Posted by: Mitchell | November 23, 2009, 5:22 am 5:22 am
Addendum to comments above.
Perhaps on your January 20, 2010 retrospective of the Obama inaugural, it would be interesting to see on your roundtable Ron Brownstein who wrote “The Second Civil War” and Norm Ornstein & Thomas Mann who wrote “The Broken Branch” regarding whether Obama fulfilled his campaign promises?
Question: Is the U.S. political system broken? Should Congress’ chairman-oriented committee system be reformed?
Posted by: Mitchell | November 23, 2009, 5:40 am 5:40 am
Geithner is not going anywhere yet. But, usually Treasury Secretaries don’t last the entire 4-year term, usually 2 to 3 years. He’ll ride it out until the November 2010 mid-terms and then he’ll step aside. I thought it was a mistake for him to take the job in the first place. He was effective and comfortable in the NY Fed, and, yes, he and Bernanke did avert a complete financial system collapse. Geithner’s problems really stem from lack of technical expertise. He doesn’t have a strong enough economic background to reach into the tool box and come up with creative ideas. Bernanke, Summers, Yellen, etc. are stronger technically from an academic point of view. Geithner simply wasn’t ready for the job, and the political environment isn’t stable enough for him to grow in the position. He took it because he believes in public service and was ambitious, but Geithner belongs on Wall Street, where he feels more comfortable, and he needs to be 2nd in command, not 1st. I like Geithner, and I think he’s effective, but not in this job. Treasury, in this environment, needs someone with more gravitas, more technical expertise, and with thicker skin.

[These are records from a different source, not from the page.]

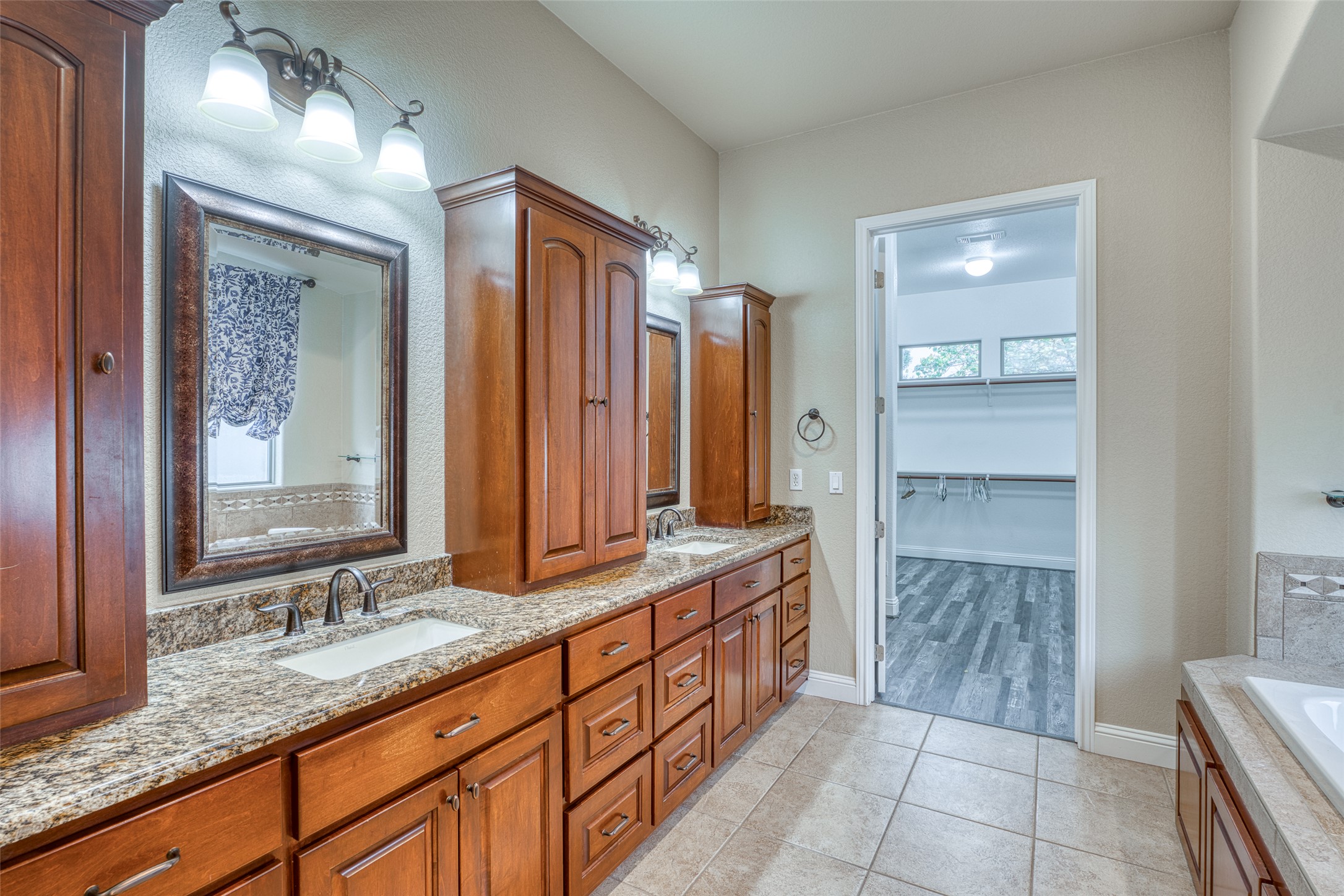 114 Preston Trail Meadowlakes, TX 78654 - Photo 12 of 23 a bathroom with double vanity sinks and a shower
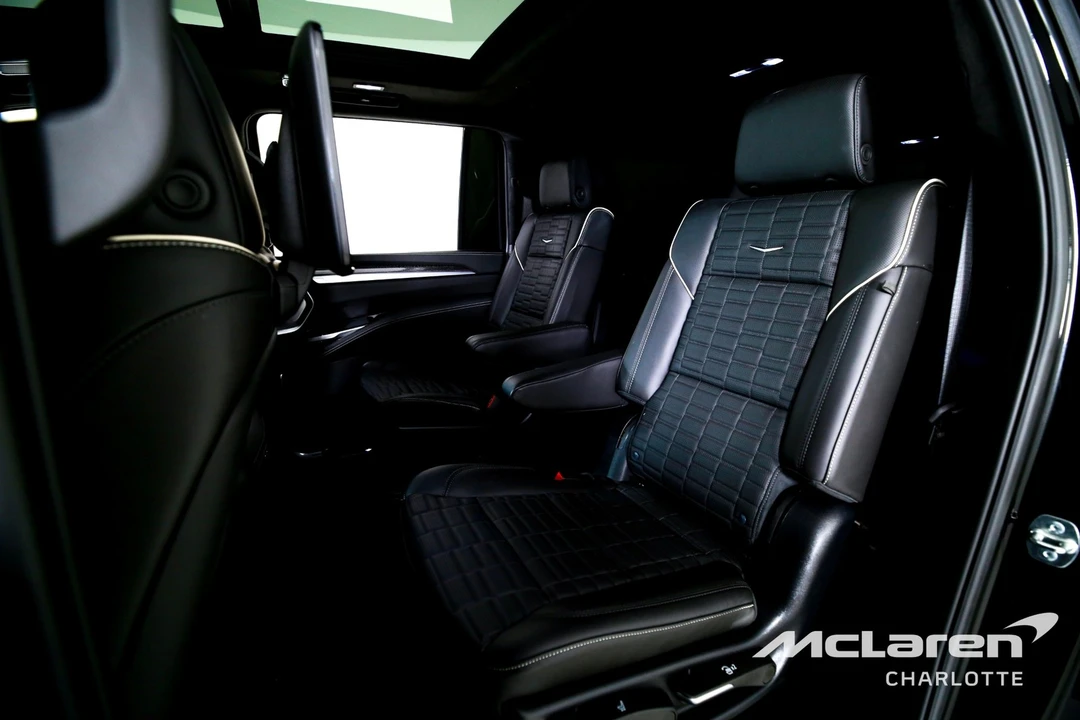 2025 Cadillac Escalade 5th Gen - Image 18 of 21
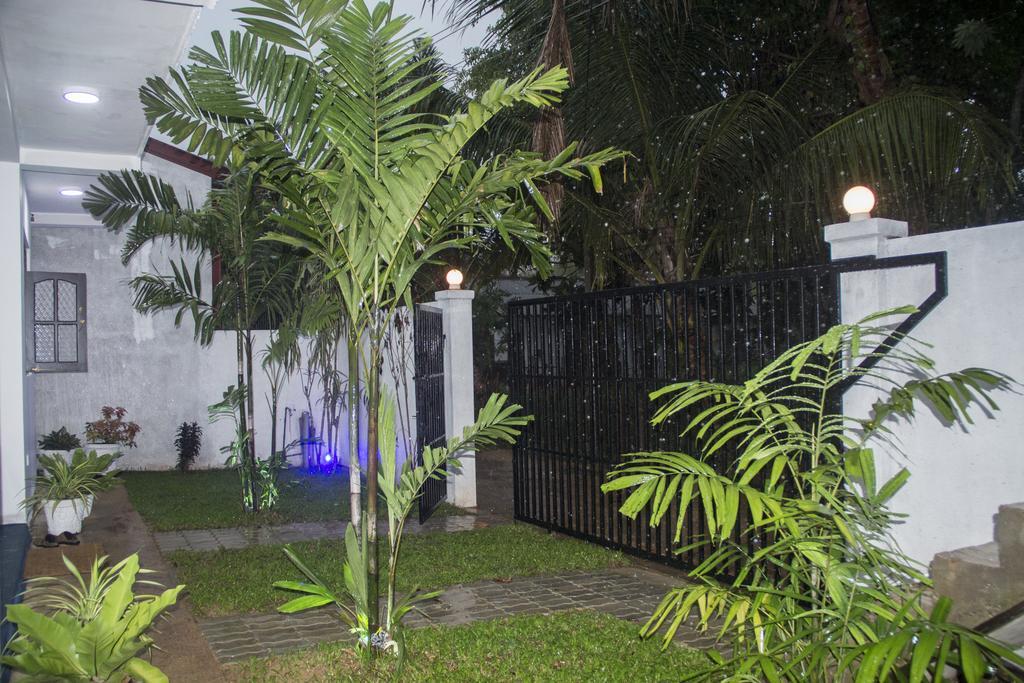Wonderset Mirissa Hotel Exterior foto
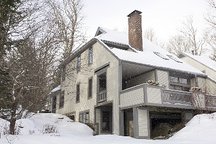 Mountain Family Villa w/ Jacuzzis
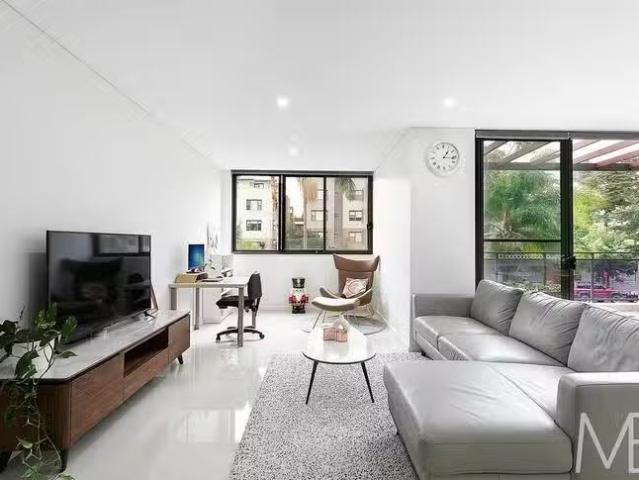 Unique 12/2 6 Buckingham Road, Killara, NSW 2071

Posted by: Laura Brown | November 23, 2009, 6:16 pm 6:16 pm
Laura Brown, Please, Wall Street is a criminal organization the way it is now set up. Anyone that doesn’t see this, is, in my opinion, plain naive, or totally misinformed about what goes on in Wall Street, how they are connected to Washington, and how politicians regularly allow Wall Street to rob the publics taxes.
Posted by: Bobby | November 23, 2009, 9:33 pm 9:33 pm
He should be in jail for tax evasion.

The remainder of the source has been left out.